_Activity_
Retype the lines below exactly, but only those from the line that has "Natural Labradorite Beads" through the line that has "Unterkunft 450349 - Ferienhaus". Omit every picture.

_Study material_

*** Begin section ***

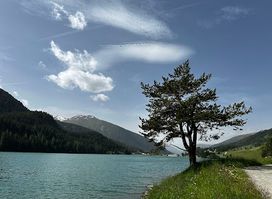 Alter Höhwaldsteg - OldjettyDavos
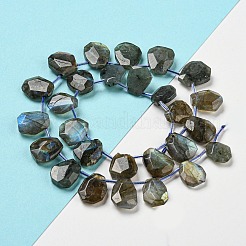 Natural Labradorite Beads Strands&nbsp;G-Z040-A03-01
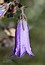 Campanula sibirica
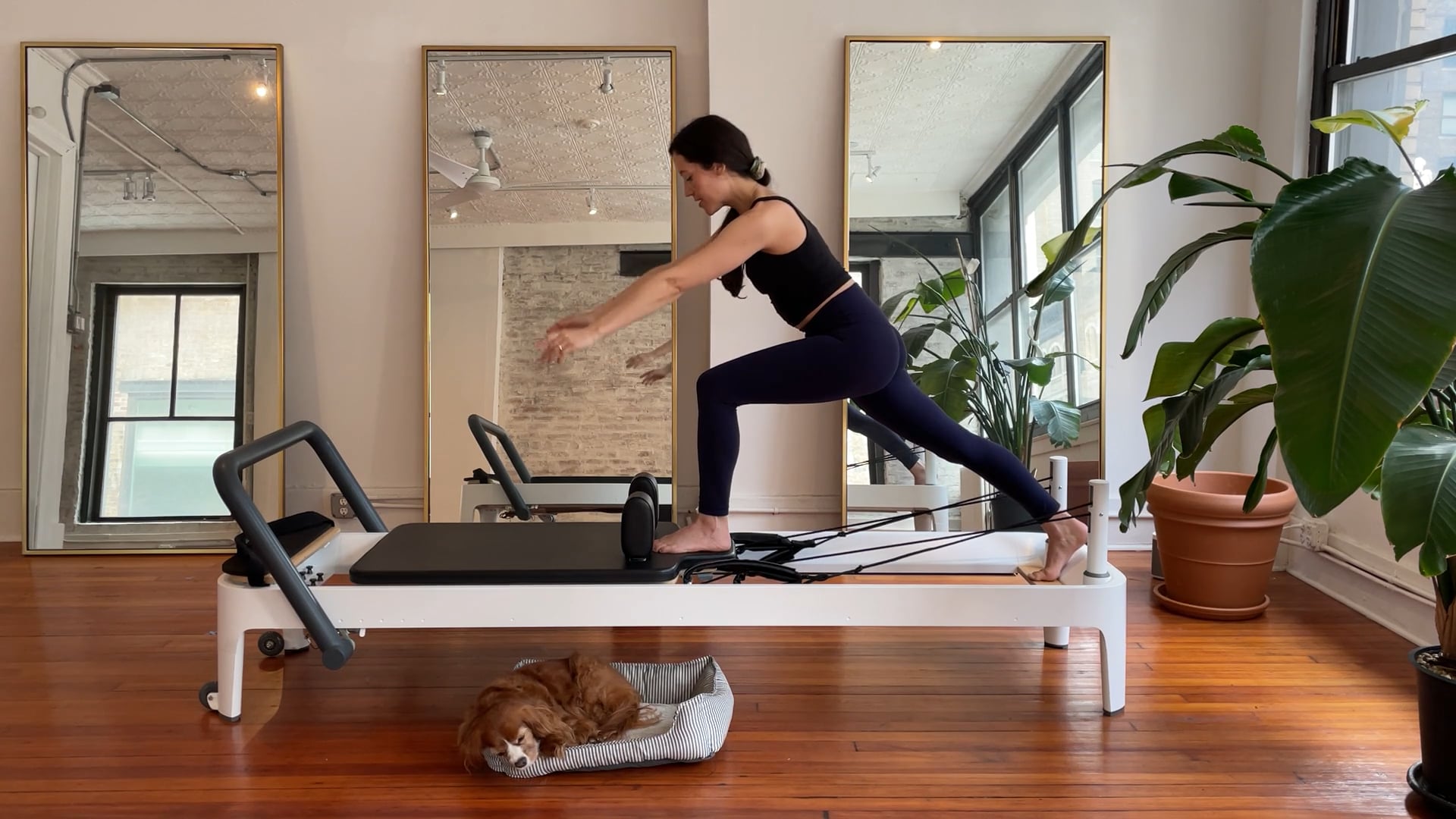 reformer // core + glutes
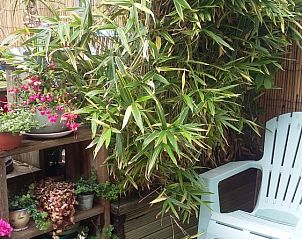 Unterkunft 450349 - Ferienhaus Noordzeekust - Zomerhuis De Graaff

*** End section ***
*** Begin section ***

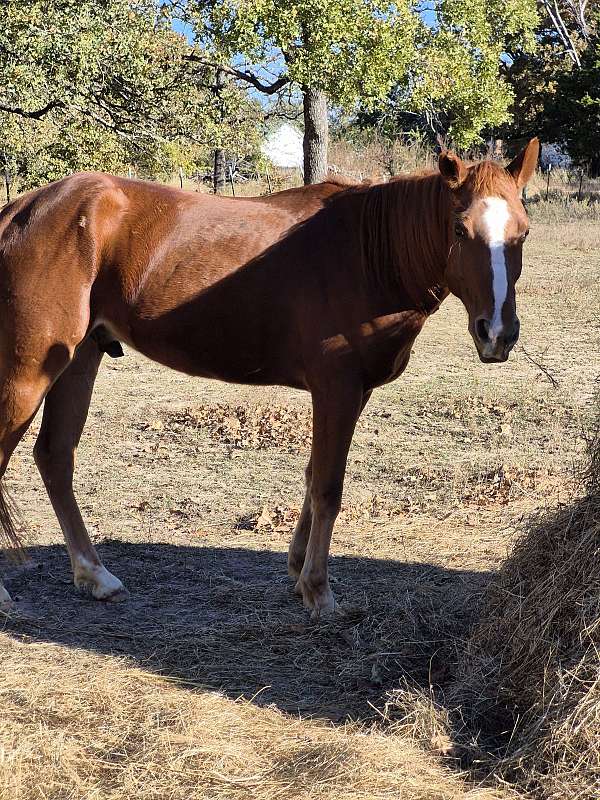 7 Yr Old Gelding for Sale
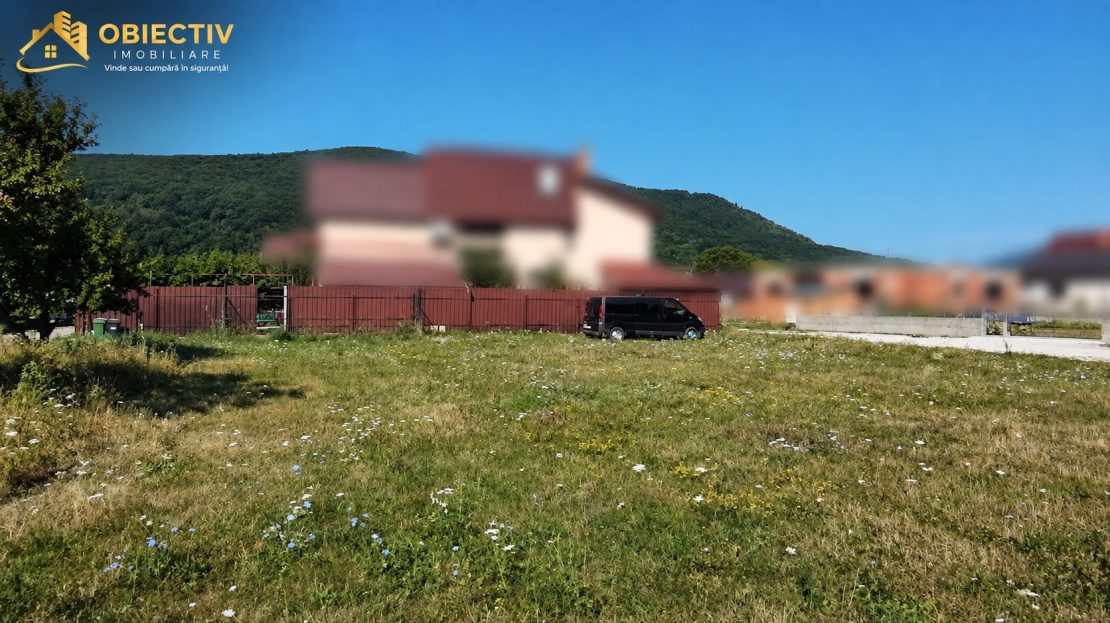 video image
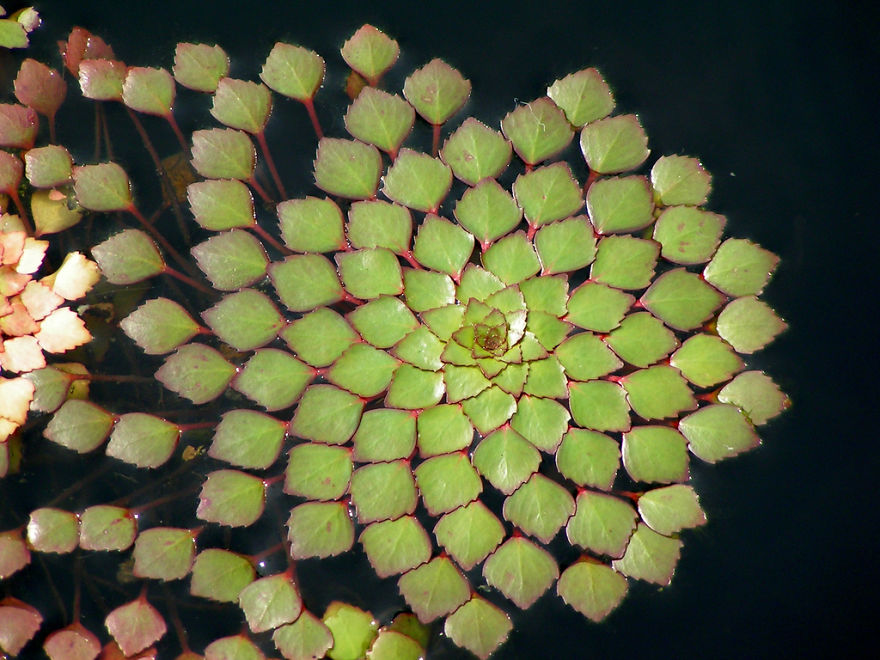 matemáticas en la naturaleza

*** End section ***
*** Begin section ***

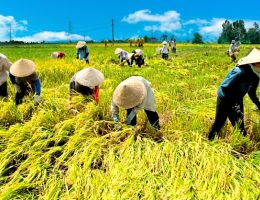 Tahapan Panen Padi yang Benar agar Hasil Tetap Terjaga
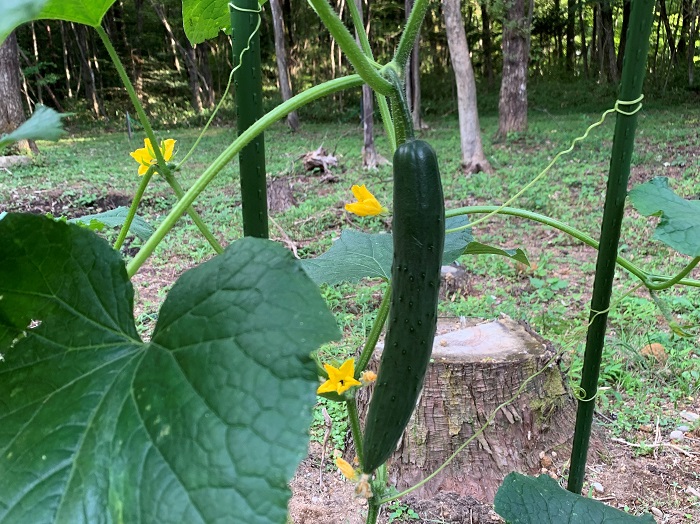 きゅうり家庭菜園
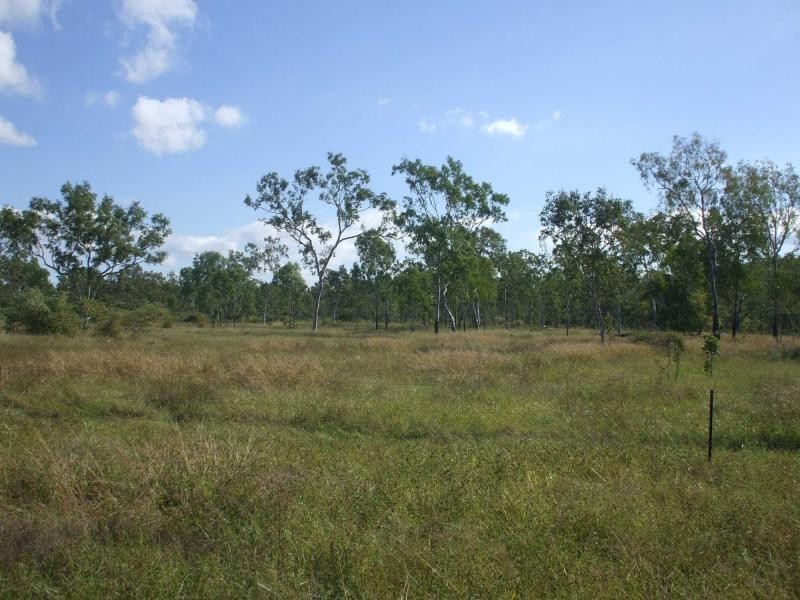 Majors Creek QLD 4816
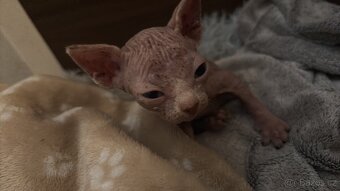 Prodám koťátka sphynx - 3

*** End section ***

_Result for this task_
 Natural Labradorite Beads Strands&nbsp;G-Z040-A03-01
 Campanula sibirica
 reformer // core + glutes
 Unterkunft 450349 - Ferienhaus Noordzeekust - Zomerhuis De Graaff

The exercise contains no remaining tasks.